__EXERCISE MATERIAL__:

════════════════

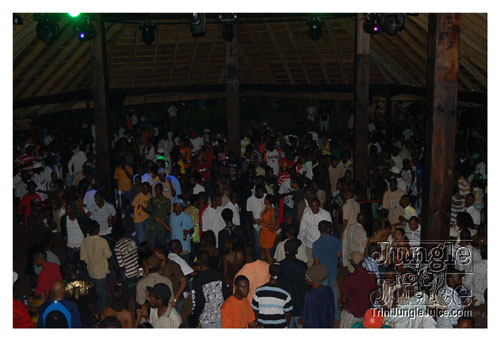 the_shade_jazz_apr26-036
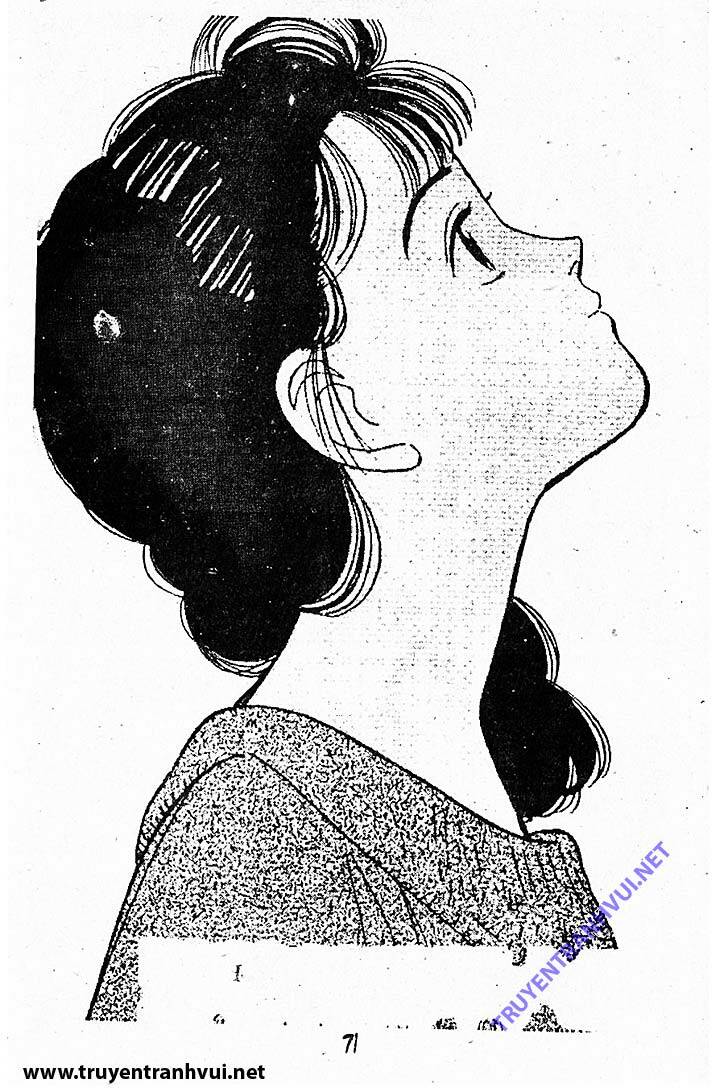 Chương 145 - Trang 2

════════════════

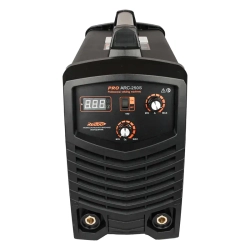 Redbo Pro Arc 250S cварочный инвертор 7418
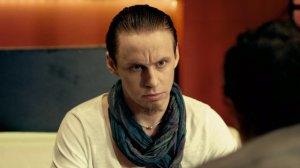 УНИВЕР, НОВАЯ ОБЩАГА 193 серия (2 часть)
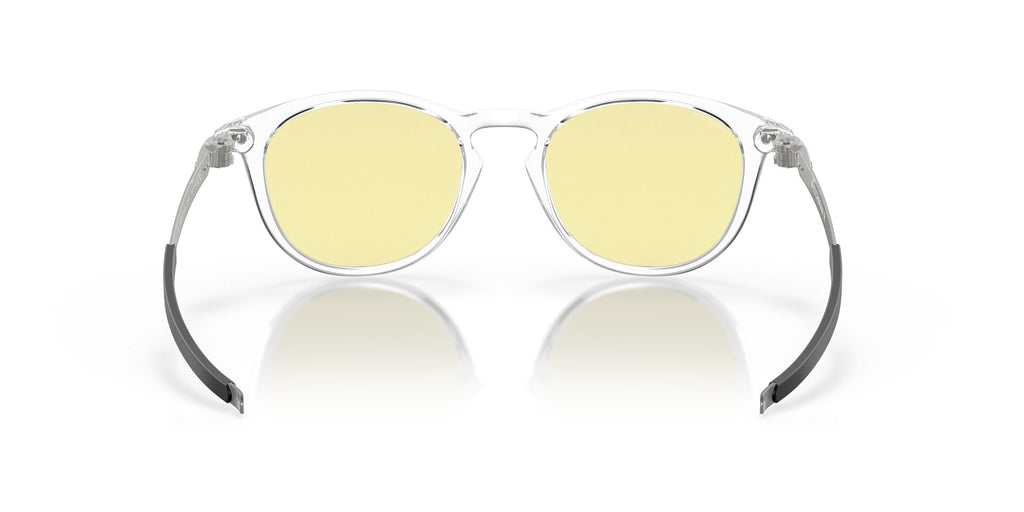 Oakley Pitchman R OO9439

════════════════

__WORK REQUEST__: Beginning at the line above that contains "Redbo Pro Arc 250S cварочный инвертор 7418" and going on through the line that contains "Oakley Pitchman R OO9439", please copy every line exactly, leaving the pictures out and adding nothing.

__RESPONSE TO THE EXERCISE__:
 Redbo Pro Arc 250S cварочный инвертор 7418
 УНИВЕР, НОВАЯ ОБЩАГА 193 серия (2 часть)
 Oakley Pitchman R OO9439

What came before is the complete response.